Remind me again, who was it that stacked the Administrative Appeals Tribunal (AAT) with its political mates, cronies, hacks, former staffers, failed candidates and those generally needing somewhere to go after being voted out of government?
Today, incomprehensibly, Australia’s national daily failed to nail the Coalition government as being responsible for what is very likely the most egregious and audacious stacking ever of an independent government body.
The Australian has found a sudden concern for the integrity of the AAT, given it is set to have the power to sign off on warrants for anti-corruption investigators to tap the phones of pretty well any current or former public official up to and including the prime minister. The powers are found in proposed legislation for the government’s new national anti-corruption commission.
The Oz came close to naming those responsible for the stacking of the AAT but didn’t quite manage to get there.

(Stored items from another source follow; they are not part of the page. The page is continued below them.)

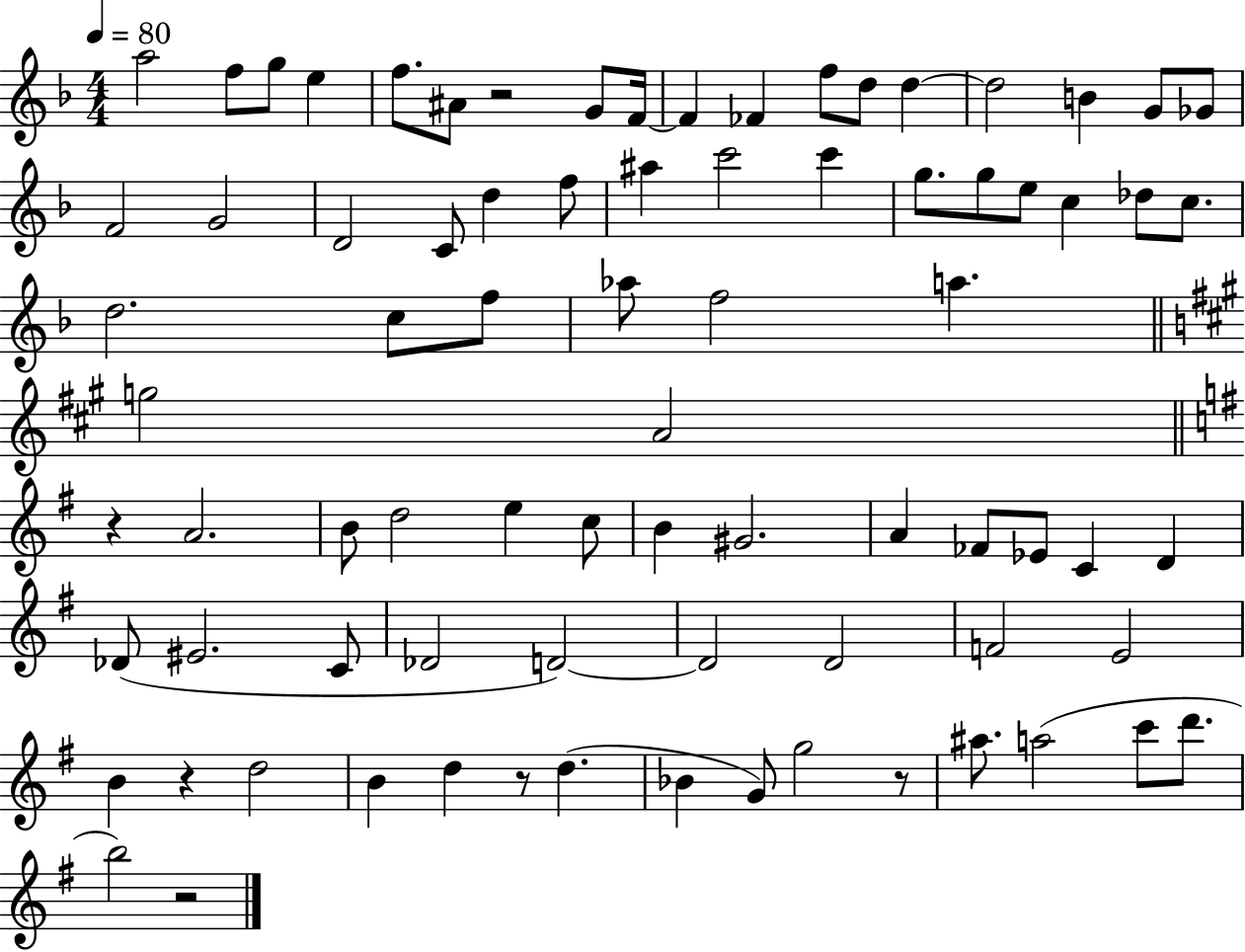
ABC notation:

X:1
T:Untitled
M:4/4
L:1/4
K:F
a2 f/2 g/2 e f/2 ^A/2 z2 G/2 F/4 F _F f/2 d/2 d d2 B G/2 _G/2 F2 G2 D2 C/2 d f/2 ^a c'2 c' g/2 g/2 e/2 c _d/2 c/2 d2 c/2 f/2 _a/2 f2 a g2 A2 z A2 B/2 d2 e c/2 B ^G2 A _F/2 _E/2 C D _D/2 ^E2 C/2 _D2 D2 D2 D2 F2 E2 B z d2 B d z/2 d _B G/2 g2 z/2 ^a/2 a2 c'/2 d'/2 b2 z2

The AAT was “politically stacked”. It had happened “in the past three years”. Alas, there was no naming and shaming. (We don’t know where this omission happened in the editorial process.)
Perhaps Crikey can help, given our work over the years in exposing the depth of the former Coalition government’s traducing of the AAT’s independence.
The trashing of the AAT began in the first years of the Abbott government when it abolished the independent body that kept watch on the AAT’s performance. Next it ceased to use an open and transparent process to appoint (and reappoint) AAT members.
Finally, under the Morrison government it abandoned all pretence and went on a spree of appointing and reappointing political mates to long terms as members, with salaries reaching $300,000 a year and more.
The Grattan Institute this year reported that a “staggering” 20% of the AAT’s 320 tribunal members had political links. It found that political appointments to the AAT had grown “substantially” in the past five years with many of these appointments “made in the lead-up to the 2019 and 2022 federal elections”, referring to appointments made by former attorneys-general Christian Porter and Michaelia Cash, as a feared election rout loomed.
Adding to the outright weirdness, The Australian quoted senior Liberals casting doubt on the very body it stacked while in government. Two senior Liberals, James Paterson and Andrew Hastie, said issuing a warrant was too serious a job to done by a member of the AAT. A third, Keith Wolahan, called for warrants to be signed off by a superior court judge.
Three senior Liberals casting doubt on the AAT’s capability? This has to be just the kind of ammunition Attorney-General Mark Dreyfus needs to make a move on the body. ALP members have previously agitated for the AAT to be abolished and for a new organisation to be built in its ashes.
So what does the attorney-general say now?
“The attorney-general is carefully considering how we undo the damage of the last nine years, and ensure the AAT once again serves the interests of all Australians, not just the Liberal Party and its mates,” a spokesperson told Crikey.
“He will have more to say about this soon.”